▸ **What is expected**
Up to and including the line with "Anime Hoodie - Demon", output the records exactly as they appear.

▸ **Given entries**
- - -

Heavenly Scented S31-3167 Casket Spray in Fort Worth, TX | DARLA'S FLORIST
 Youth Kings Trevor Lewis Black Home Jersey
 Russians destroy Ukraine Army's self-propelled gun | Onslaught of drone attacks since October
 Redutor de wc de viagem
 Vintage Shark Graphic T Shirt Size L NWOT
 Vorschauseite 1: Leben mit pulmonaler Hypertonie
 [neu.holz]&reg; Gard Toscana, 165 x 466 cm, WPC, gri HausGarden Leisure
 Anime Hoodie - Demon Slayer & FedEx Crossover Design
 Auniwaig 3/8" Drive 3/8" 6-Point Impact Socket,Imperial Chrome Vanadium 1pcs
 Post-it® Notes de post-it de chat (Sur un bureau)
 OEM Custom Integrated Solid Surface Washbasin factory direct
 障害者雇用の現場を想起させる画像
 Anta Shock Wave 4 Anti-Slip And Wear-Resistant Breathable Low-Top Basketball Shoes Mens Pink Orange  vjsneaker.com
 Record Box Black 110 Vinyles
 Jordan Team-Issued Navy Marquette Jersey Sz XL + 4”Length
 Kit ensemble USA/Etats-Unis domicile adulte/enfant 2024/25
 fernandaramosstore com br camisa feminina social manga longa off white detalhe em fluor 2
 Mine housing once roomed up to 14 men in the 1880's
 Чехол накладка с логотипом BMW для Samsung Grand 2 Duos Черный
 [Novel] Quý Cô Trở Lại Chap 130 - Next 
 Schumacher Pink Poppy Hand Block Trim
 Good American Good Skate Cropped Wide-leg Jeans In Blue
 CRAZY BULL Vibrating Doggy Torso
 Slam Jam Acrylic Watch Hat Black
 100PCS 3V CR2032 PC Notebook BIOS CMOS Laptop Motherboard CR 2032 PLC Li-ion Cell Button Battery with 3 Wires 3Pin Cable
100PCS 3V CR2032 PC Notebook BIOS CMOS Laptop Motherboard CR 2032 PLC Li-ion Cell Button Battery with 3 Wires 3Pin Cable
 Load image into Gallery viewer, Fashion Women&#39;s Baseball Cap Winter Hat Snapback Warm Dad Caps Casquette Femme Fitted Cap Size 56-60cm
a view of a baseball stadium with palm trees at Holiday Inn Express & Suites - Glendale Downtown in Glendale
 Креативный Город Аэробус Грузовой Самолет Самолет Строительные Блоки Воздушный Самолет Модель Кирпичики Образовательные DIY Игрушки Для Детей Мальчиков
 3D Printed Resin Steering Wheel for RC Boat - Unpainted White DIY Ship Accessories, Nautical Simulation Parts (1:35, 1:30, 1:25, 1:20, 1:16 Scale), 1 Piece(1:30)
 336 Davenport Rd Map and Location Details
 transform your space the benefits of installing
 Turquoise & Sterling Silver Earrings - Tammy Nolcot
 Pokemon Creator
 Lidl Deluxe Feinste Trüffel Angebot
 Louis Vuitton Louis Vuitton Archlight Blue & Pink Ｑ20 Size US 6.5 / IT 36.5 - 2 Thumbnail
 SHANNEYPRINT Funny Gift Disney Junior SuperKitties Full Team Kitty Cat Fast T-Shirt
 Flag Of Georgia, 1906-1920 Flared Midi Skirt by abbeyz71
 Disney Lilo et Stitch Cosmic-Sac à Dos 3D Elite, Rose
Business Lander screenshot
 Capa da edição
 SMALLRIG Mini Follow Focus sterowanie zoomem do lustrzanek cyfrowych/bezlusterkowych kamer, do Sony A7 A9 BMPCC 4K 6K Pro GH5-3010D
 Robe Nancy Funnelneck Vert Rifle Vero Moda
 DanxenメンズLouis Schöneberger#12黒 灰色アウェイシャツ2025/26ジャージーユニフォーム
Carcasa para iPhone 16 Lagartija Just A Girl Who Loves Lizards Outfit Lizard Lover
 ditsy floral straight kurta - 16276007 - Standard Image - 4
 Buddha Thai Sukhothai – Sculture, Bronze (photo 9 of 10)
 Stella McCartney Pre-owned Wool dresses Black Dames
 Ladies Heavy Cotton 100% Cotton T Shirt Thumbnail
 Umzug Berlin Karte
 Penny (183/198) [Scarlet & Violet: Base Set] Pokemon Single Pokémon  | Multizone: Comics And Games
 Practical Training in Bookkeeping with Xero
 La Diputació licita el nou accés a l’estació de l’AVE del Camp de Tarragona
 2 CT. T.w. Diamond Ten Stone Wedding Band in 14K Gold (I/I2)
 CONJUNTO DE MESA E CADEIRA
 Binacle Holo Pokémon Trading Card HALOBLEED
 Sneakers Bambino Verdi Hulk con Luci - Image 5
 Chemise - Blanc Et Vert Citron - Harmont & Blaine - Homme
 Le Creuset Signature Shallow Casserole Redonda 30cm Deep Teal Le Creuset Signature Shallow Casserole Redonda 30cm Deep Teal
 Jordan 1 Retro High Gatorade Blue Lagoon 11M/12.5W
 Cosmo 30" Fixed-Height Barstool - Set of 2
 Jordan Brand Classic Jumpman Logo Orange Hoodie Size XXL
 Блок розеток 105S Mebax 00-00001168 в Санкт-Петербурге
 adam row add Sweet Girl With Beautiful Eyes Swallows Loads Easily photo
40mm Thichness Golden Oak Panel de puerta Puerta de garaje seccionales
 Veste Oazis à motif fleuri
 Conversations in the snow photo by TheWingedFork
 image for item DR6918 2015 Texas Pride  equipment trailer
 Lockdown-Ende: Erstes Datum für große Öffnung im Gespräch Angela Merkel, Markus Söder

- - -

▸ **Exercise output**
Heavenly Scented S31-3167 Casket Spray in Fort Worth, TX | DARLA'S FLORIST
 Youth Kings Trevor Lewis Black Home Jersey
 Russians destroy Ukraine Army's self-propelled gun | Onslaught of drone attacks since October
 Redutor de wc de viagem
 Vintage Shark Graphic T Shirt Size L NWOT
 Vorschauseite 1: Leben mit pulmonaler Hypertonie
 [neu.holz]&reg; Gard Toscana, 165 x 466 cm, WPC, gri HausGarden Leisure
 Anime Hoodie - Demon Slayer & FedEx Crossover Design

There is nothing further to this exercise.